Two-Step Voting

Our election on Tuesday involved a very limited ballot; we voted for Mayor (where the incumbent was running unopposed, which tells you something about the low-key politics in Columbus), City Council seats, a few judges, and a tax levy.  Not surprisingly, turnout was low — which made it a good election to roll out a new, two-step voting system.

3002712465_fa843110d0_zAs an old codger who cut his voting teeth on old metal machines where you moved a bar in one direction to close the curtain, depressed levers to expose a mark next to the candidate of your choice, and then moved the bar back to register your vote with a thunk and open the curtains again, I’m used to changes in the voting process.  I’ve probably voted using about 10 different systems over the years.

The new process involves multiple steps.  After first going to the registration people, showing your driver’s license and signing in, you get a piece of paper that you then present to one of the voting volunteers.  They lead you to a machine, explain the new process, and scan you in.  After you vote on the machine, a paper ballot is printed out, and you walk over to a different area to deposit your completed ballot into a secure box.  The last step is new.  Apparently the new system was introduced to enhance voting security and also to better comply with federal law on accommodating people with disabilities.

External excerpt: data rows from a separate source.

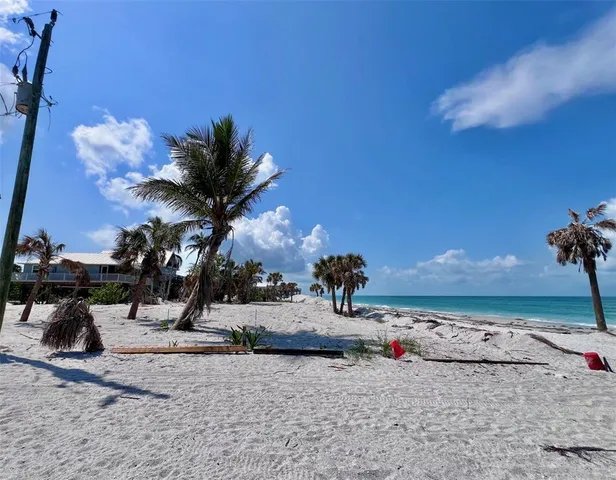 a view of a backyard of the house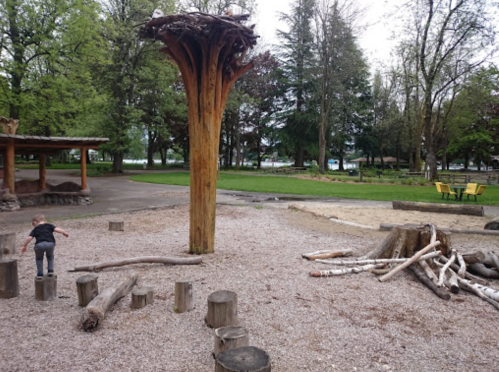 A playground with wooden structures, logs, and a tall tree-like feature, surrounded by greenery and a path.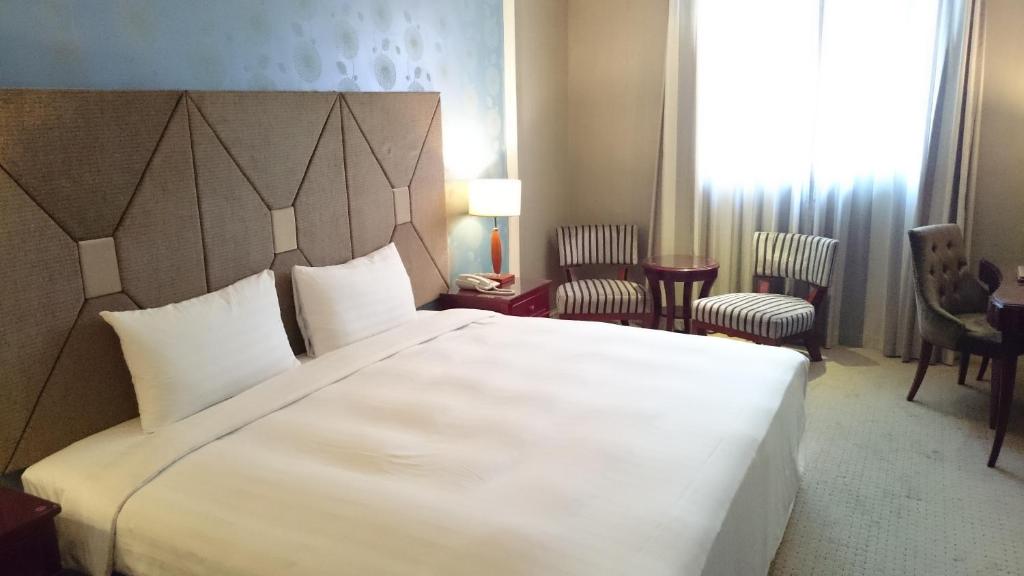 Postel nebo postele na pokoji v ubytování MRT Hotel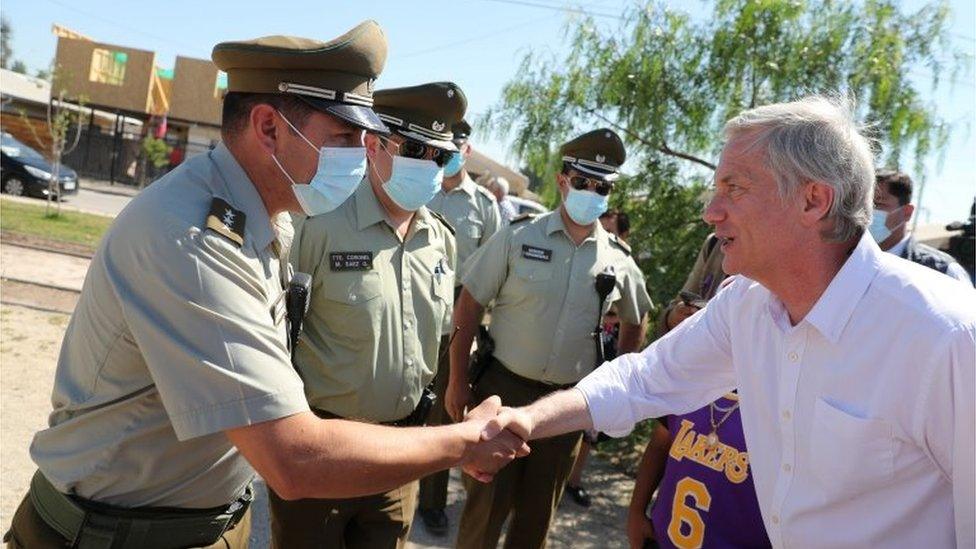 Chilean presidential candidate Jose Antonio Kast from the far-right Republican Party greets policemen during a campaign rally, ahead of the December 19 second round presidential elections, at Calera de Tango area, on the outskirts of Santiago, Chile, November 22, 2021.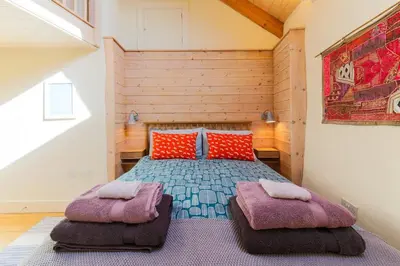 a bedroom with a bed with two ottomans at Stunning Old Carthouse with seaview in Penzance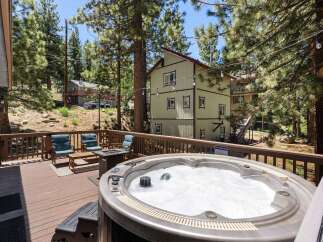 Relax and unwind in this stunning mountain retreat, featuring a spacious deck with a bubbling hot tub perfect for soaking up the scenic views.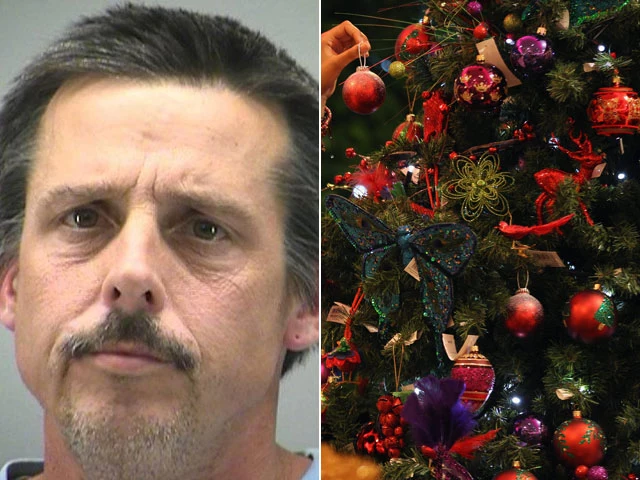 Terry Trent decorates Christmas tree after breaking in Terry Trent decorates Christmas tree after breaking in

The new process worked just fine . . . in an election where the turnout was low and there were no lines to speak of.  But I wonder what it will be like in 2020, where there is likely to be a huge, perhaps even historic, turnout — which is probably one of the few things people at every point on the political spectrum can agree on.  There will be a line to get to the registration table, and then a line to wait for a voting official to walk you to a machine and scan you in, and then presumably wait, again, to deposit your ballot into the secure box.

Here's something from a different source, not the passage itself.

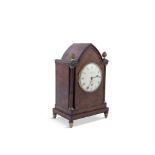 AN EARLY 19TH CENTURY MAHOGANY CASED MANTLE CLOCK, by J King, London, the arched top with acorn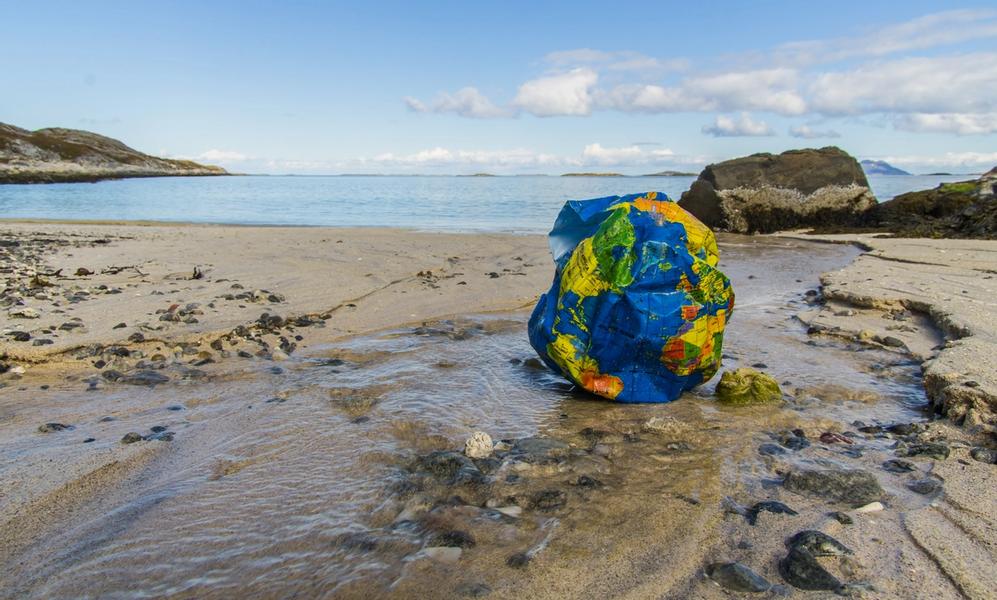 Badeball i plast med verdenskart på strand i Nord Norge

It’s probably going to be a zoo, which makes me wonder whether I should just plan on doing early voting when the 2020 election rolls around.  It probably would be less of a hassle, but I’m resisting that because I like gathering with my fellow citizens, waiting patiently and solemnly and thinking about what I’m doing, and then exercising my franchise and getting my voting sticker.  It makes me feel good about myself and my country, and I’m not sure that I’m ready to give up that uplifting, shared experience.  At the same time, I’m not sure I’m ready for a three-hour wait in an election where passions will be running at their highest, either.